Start of INPUT
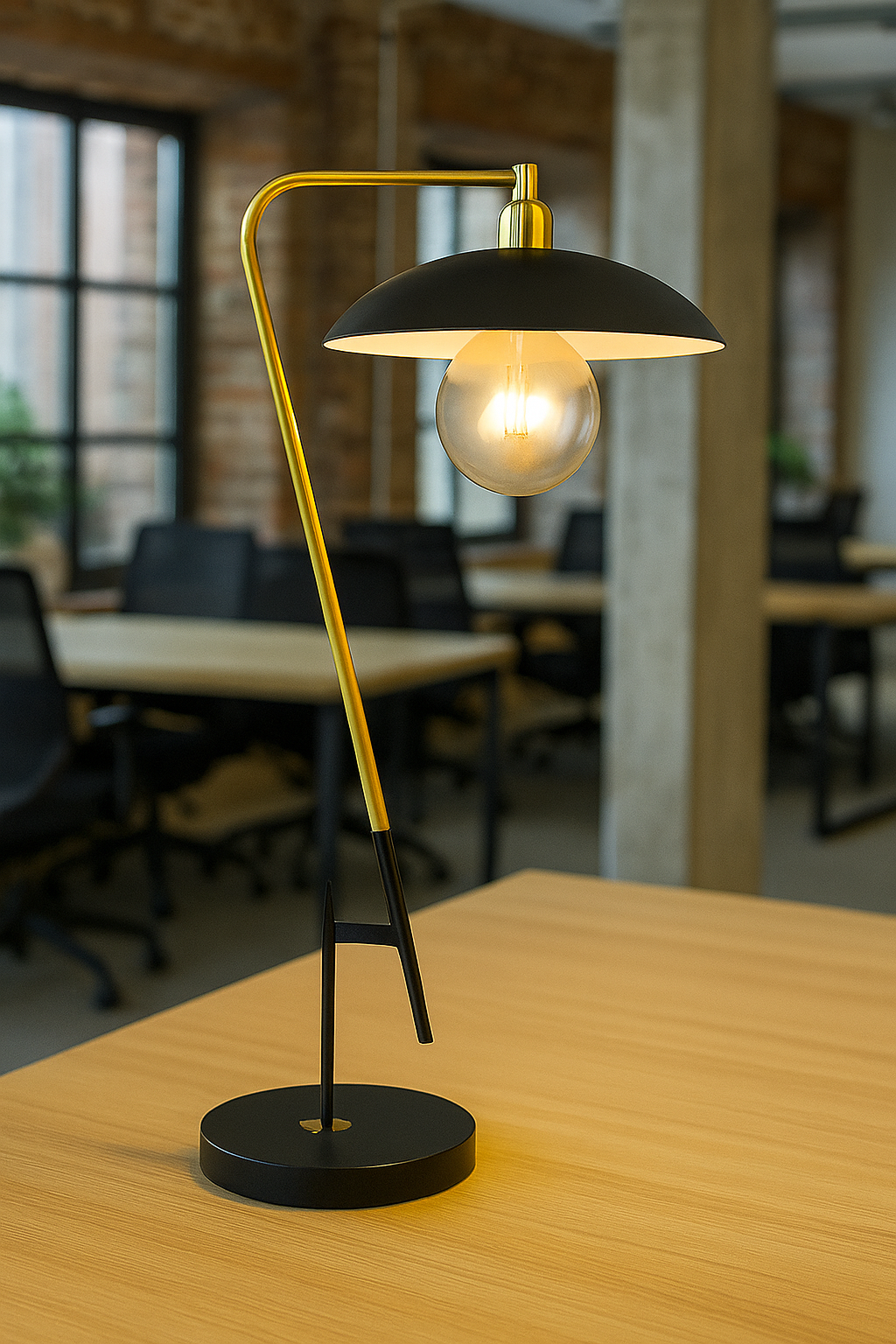 Hdc Modern Contemporary Black Gold Adjustable Table Lamp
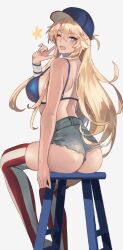 Rule 34 | 1girl, ;d, american flag legwear, arm at side, ass, baseball cap, bikini, bikini top only, blonde hair, blue bikini, blue hat, breasts, commentary request, denim, denim shorts, finger to cheek, from side, grey background, hair between eyes, hat, highres, iowa (kancolle), kantai collection, kasumi (skchkko), large breasts, long hair, looking at viewer, looking to the side, one eye closed, open mouth, shorts, sitting, smile, solo, star-shaped pupils, star (symbol), stool, swimsuit, symbol-shaped pupils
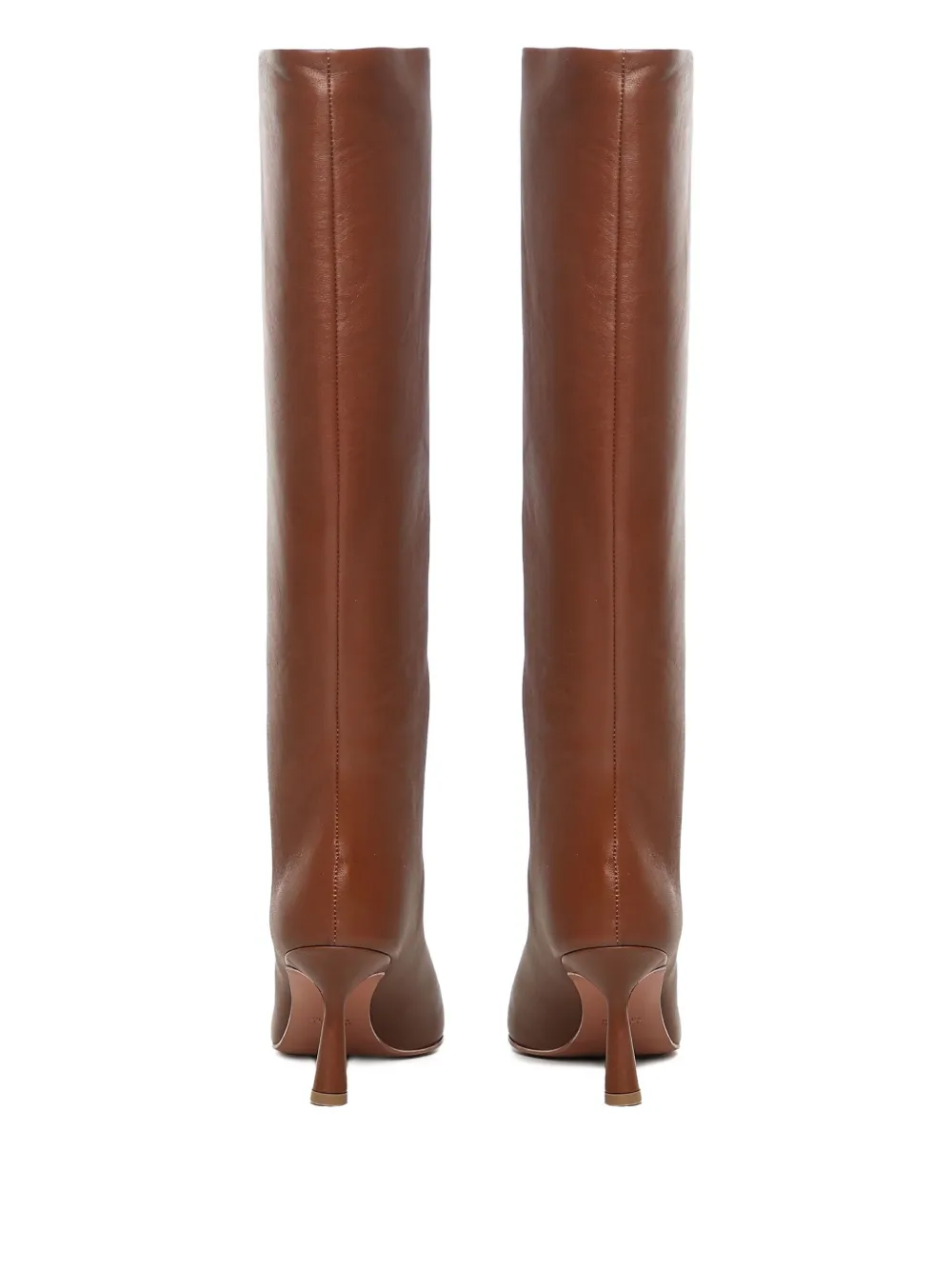 Giuliano Galiano 80mm pointed-toe calfskin boots Brown
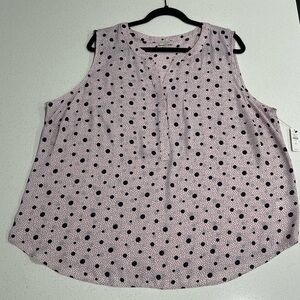 Talbots Pink and Black/Navy Polka Dot Blouse - New With Tag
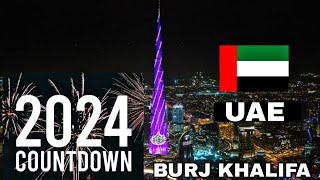 UAE Burj Khalifa 2024 New year Countdown Live  Dubai  GST Time Zone [upl. by Zeralda]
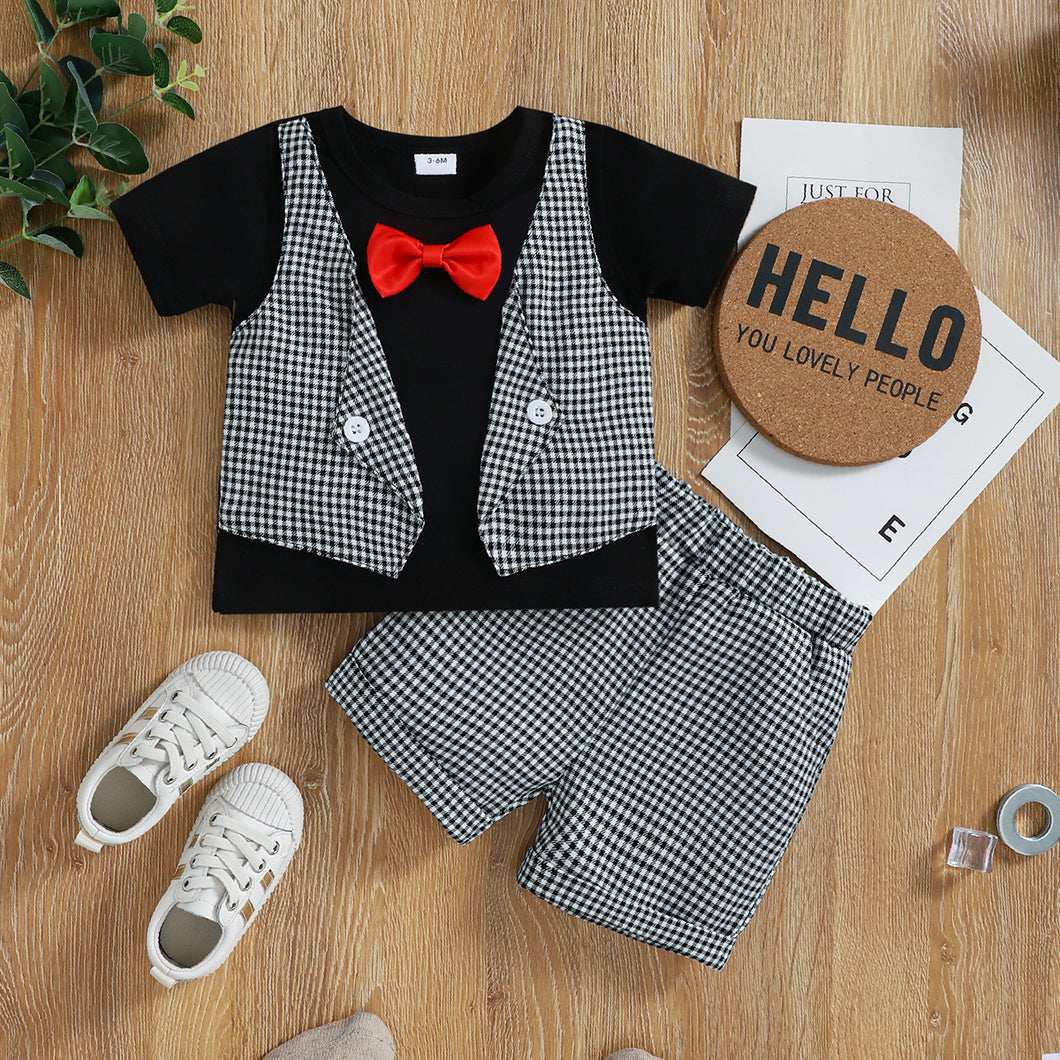 2pcs Baby Boy Gentleman Bow Tie Short-sleeve Plaid Faux-two Top and Shorts Set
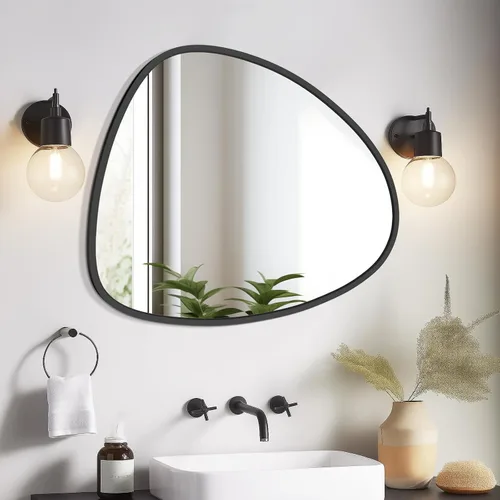 WallBeyond Espejo asimétrico, espejo de pared irregular, espejos de pared decorativos para dormitorio, sala de estar, entrada, pasillo, espejo de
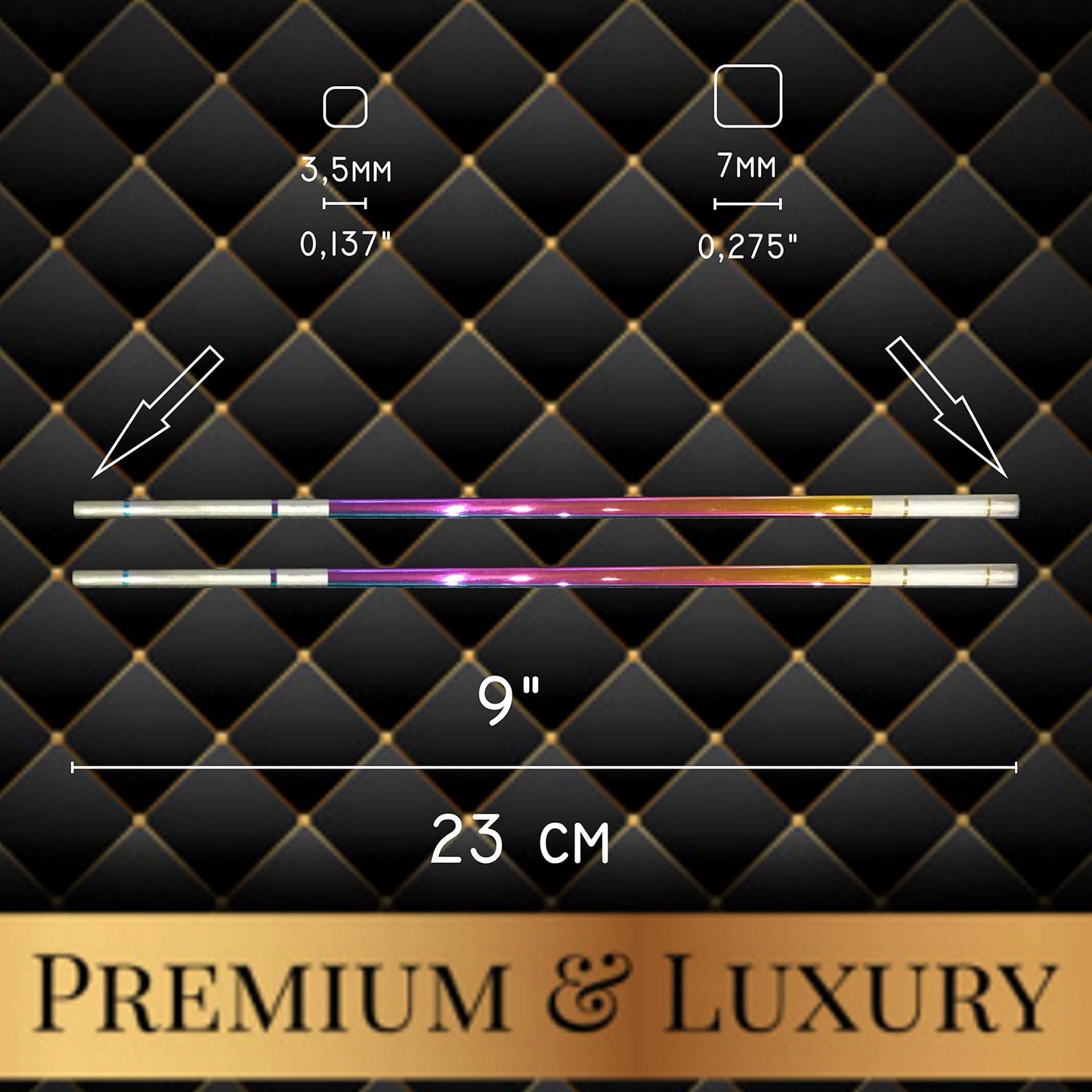 Albino Monkey Reusable Chopsticks - Extra Long 9" - 5 Pairs per Pack - Made of Food-Safe Stainless Steel - Holographic Design - Asian Dining Utensils for Home Kitchen & Restaurants - Nice Giftable Box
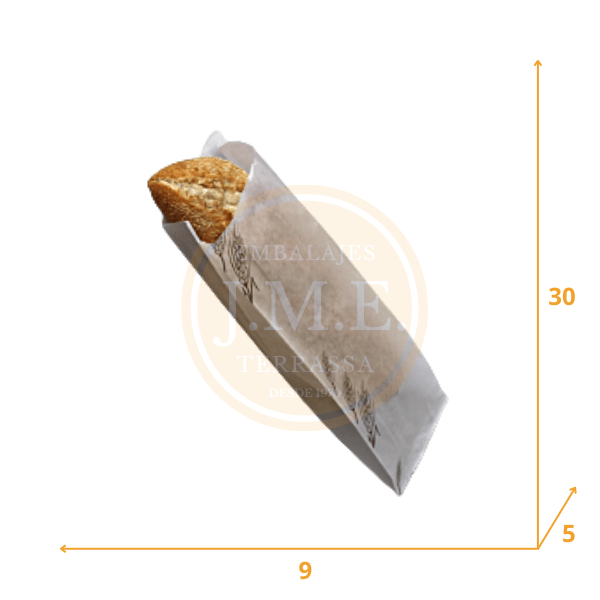 Bolsas kraft blancas pequeñas para panadería 9+5x30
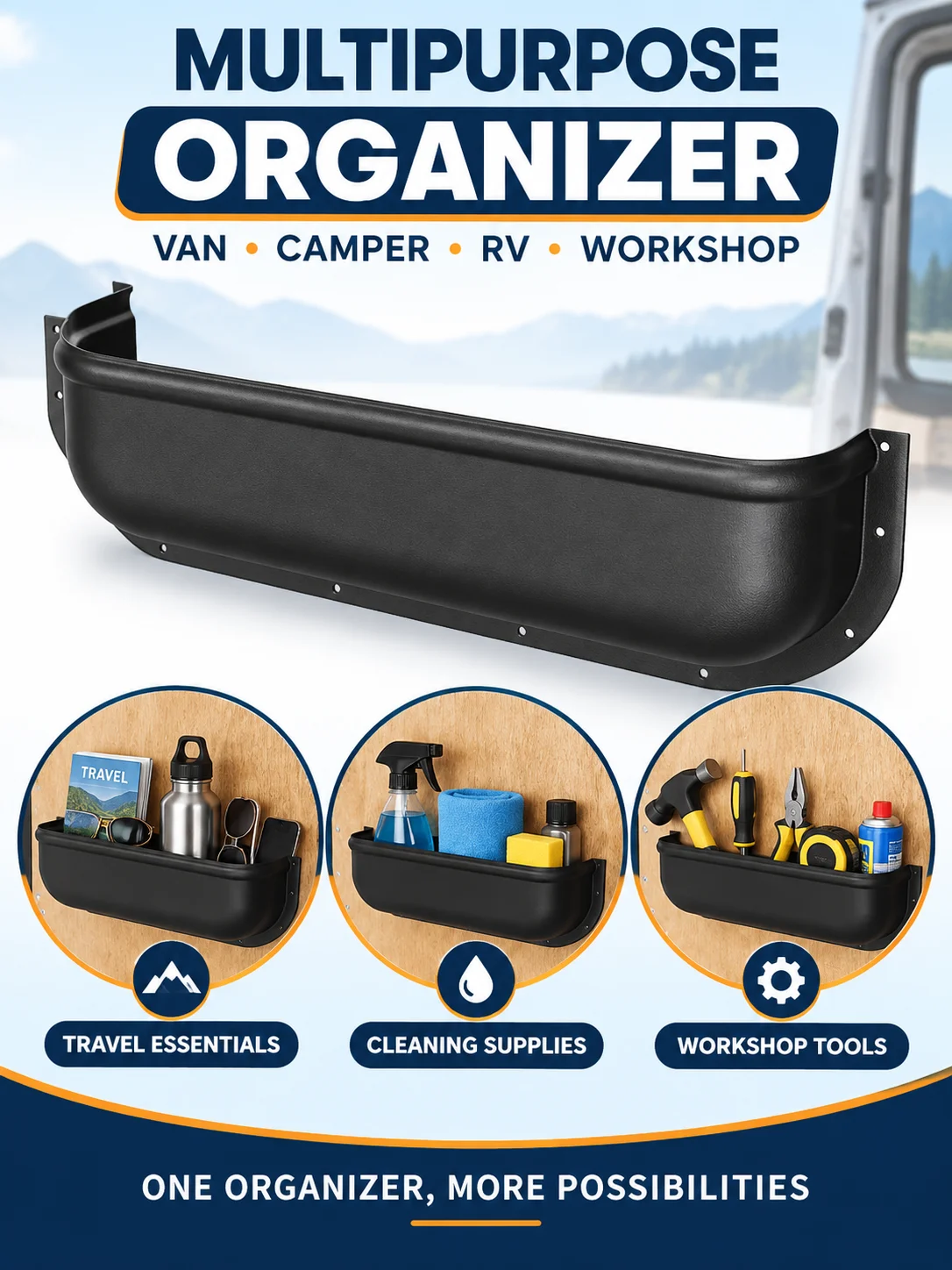Aufbewahrungsbox für Autotürgriffe, universelle Organizer-Ablage für die Türverkleidung und Armlehne, geeignet für Transporter und Wohnmobile, Innenraum-Autozubehör. – Detail 3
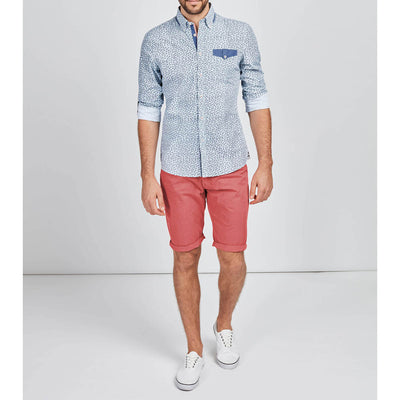 Mish Mash Weymouth Mid Stretch Chino Shorts Washed Red 32 Waist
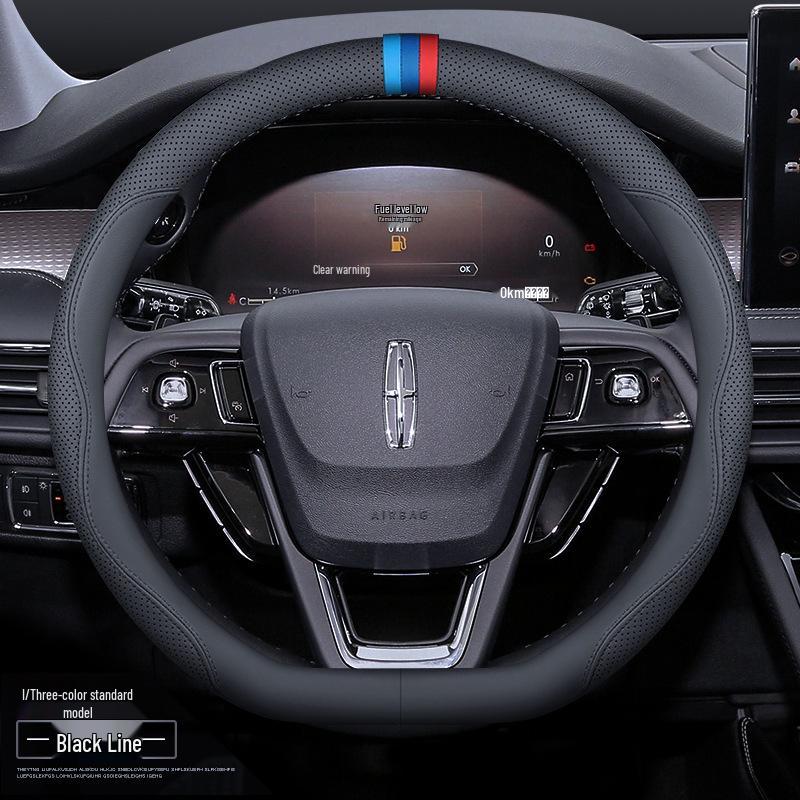Premium Genuine Leather Steering Wheel Cover for Lincoln Z, Corsair, Navigator, MKC, MKZ, Nautilus – All-Season Protection.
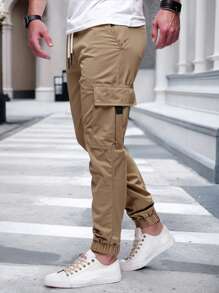 Manfinity Homme Men's Elastic Waist Drawstring Cargo Pants With Pockets - Khaki - View 4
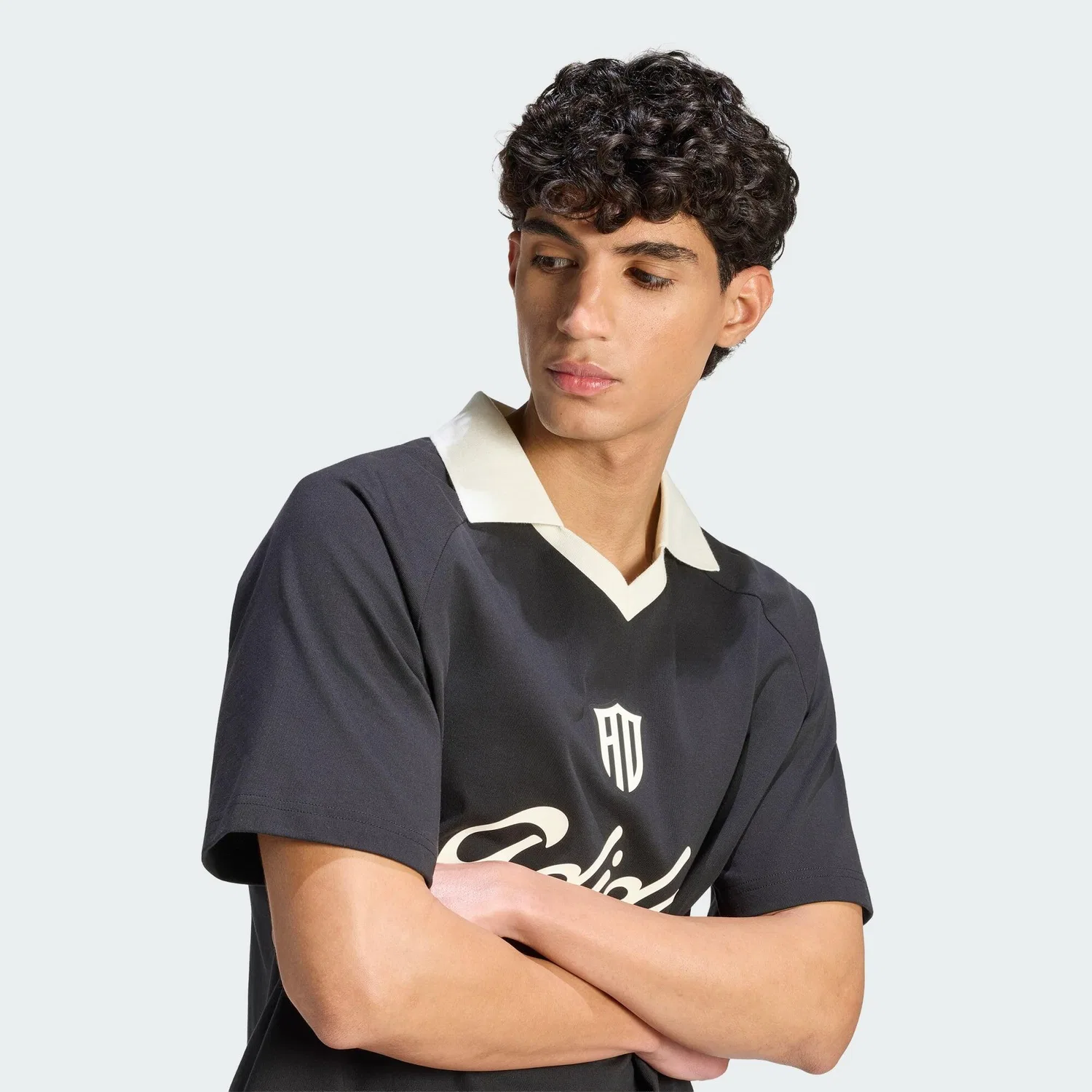 Мужское поло с графическим принтом Lux Tiro Script Grafik Adidas, Schwarz Weiss — фото 4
End of INPUT
--- YOUR GOAL ---
The data is to be printed again exactly, but without its pictures.

--- EXERCISE OUTPUT ---
 Hdc Modern Contemporary Black Gold Adjustable Table Lamp
 Rule 34 | 1girl, ;d, american flag legwear, arm at side, ass, baseball cap, bikini, bikini top only, blonde hair, blue bikini, blue hat, breasts, commentary request, denim, denim shorts, finger to cheek, from side, grey background, hair between eyes, hat, highres, iowa (kancolle), kantai collection, kasumi (skchkko), large breasts, long hair, looking at viewer, looking to the side, one eye closed, open mouth, shorts, sitting, smile, solo, star-shaped pupils, star (symbol), stool, swimsuit, symbol-shaped pupils
 Giuliano Galiano 80mm pointed-toe calfskin boots Brown
 Talbots Pink and Black/Navy Polka Dot Blouse - New With Tag
 UAE Burj Khalifa 2024 New year Countdown Live  Dubai  GST Time Zone [upl. by Zeralda]
 2pcs Baby Boy Gentleman Bow Tie Short-sleeve Plaid Faux-two Top and Shorts Set
 WallBeyond Espejo asimétrico, espejo de pared irregular, espejos de pared decorativos para dormitorio, sala de estar, entrada, pasillo, espejo de
 Albino Monkey Reusable Chopsticks - Extra Long 9" - 5 Pairs per Pack - Made of Food-Safe Stainless Steel - Holographic Design - Asian Dining Utensils for Home Kitchen & Restaurants - Nice Giftable Box
 Bolsas kraft blancas pequeñas para panadería 9+5x30
Aufbewahrungsbox für Autotürgriffe, universelle Organizer-Ablage für die Türverkleidung und Armlehne, geeignet für Transporter und Wohnmobile, Innenraum-Autozubehör. – Detail 3
 Mish Mash Weymouth Mid Stretch Chino Shorts Washed Red 32 Waist
Premium Genuine Leather Steering Wheel Cover for Lincoln Z, Corsair, Navigator, MKC, MKZ, Nautilus – All-Season Protection.
 Manfinity Homme Men's Elastic Waist Drawstring Cargo Pants With Pockets - Khaki - View 4
 Мужское поло с графическим принтом Lux Tiro Script Grafik Adidas, Schwarz Weiss — фото 4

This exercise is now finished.